I have had this mantis tiller for a few years and generally had good service. Recently I have an issue. The engine starts and runs well and tills fine. The problem comes about 15 min. in the run when the engine bogs down at full throttle. I can let up on the throttle and it will run fine but not on full throttle. It doesn't matter if it has a load or not. I have done all the obvious things: clean air filter, clean spark arrestor, new plug, good gas. Like I said it starts and runs fine for the first 15 minutes then bogs. I have to limit my tilling so it is a hassle. Anyone have any suggestions?


----------



## 21tgs (Oct 26, 2006)

I have no experience with this engine. However, I have seen many heat soak issues (runs great for a period of time, in your case 15 minutes, then runs poorly) related to a break down in the ignition system. Typically the magneto.


----------



## paulr44 (Oct 14, 2008)

Sounds like fuel starvation, although could be a vacuum leak or ignition.

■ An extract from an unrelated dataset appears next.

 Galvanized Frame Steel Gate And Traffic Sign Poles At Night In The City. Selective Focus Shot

Loosen gas cap when problem starts, vent could be plugged.
Fuel line might be soft and collapsing.
Could be an ignition problem, but unlikely.


----------



## 30yearTech (Sep 14, 2006)

ywvfscdh said:


> I am a new user of this engine.Would you help me anyone?

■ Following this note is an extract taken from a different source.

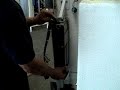 Lifting Up and Pulling Coin Acceptor Away from Mounting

I guess that would depend on what kind of help with this engine you need!


----------



## 30yearTech (Sep 14, 2006)

gkbain said:


> I have had this mantis tiller for a few years and generally had good service. Recently I have an issue. The engine starts and runs well and tills fine. The problem comes about 15 min. in the run when the engine bogs down at full throttle. I can let up on the throttle and it will run fine but not on full throttle. It doesn't matter if it has a load or not. I have done all the obvious things: clean air filter, clean spark arrestor, new plug, good gas. Like I said it starts and runs fine for the first 15 minutes then bogs. I have to limit my tilling so it is a hassle. Anyone have any suggestions?


Another thing to check would be valve lash, and the valve operation.


----------



## gkbain (Apr 6, 2010)

Thanks guys for your input. I tried the simplest thing first. Loosen the gas cap a little when it started to bog down. Seems to have don the trick. I hope it was that simple. Thanks again.


----------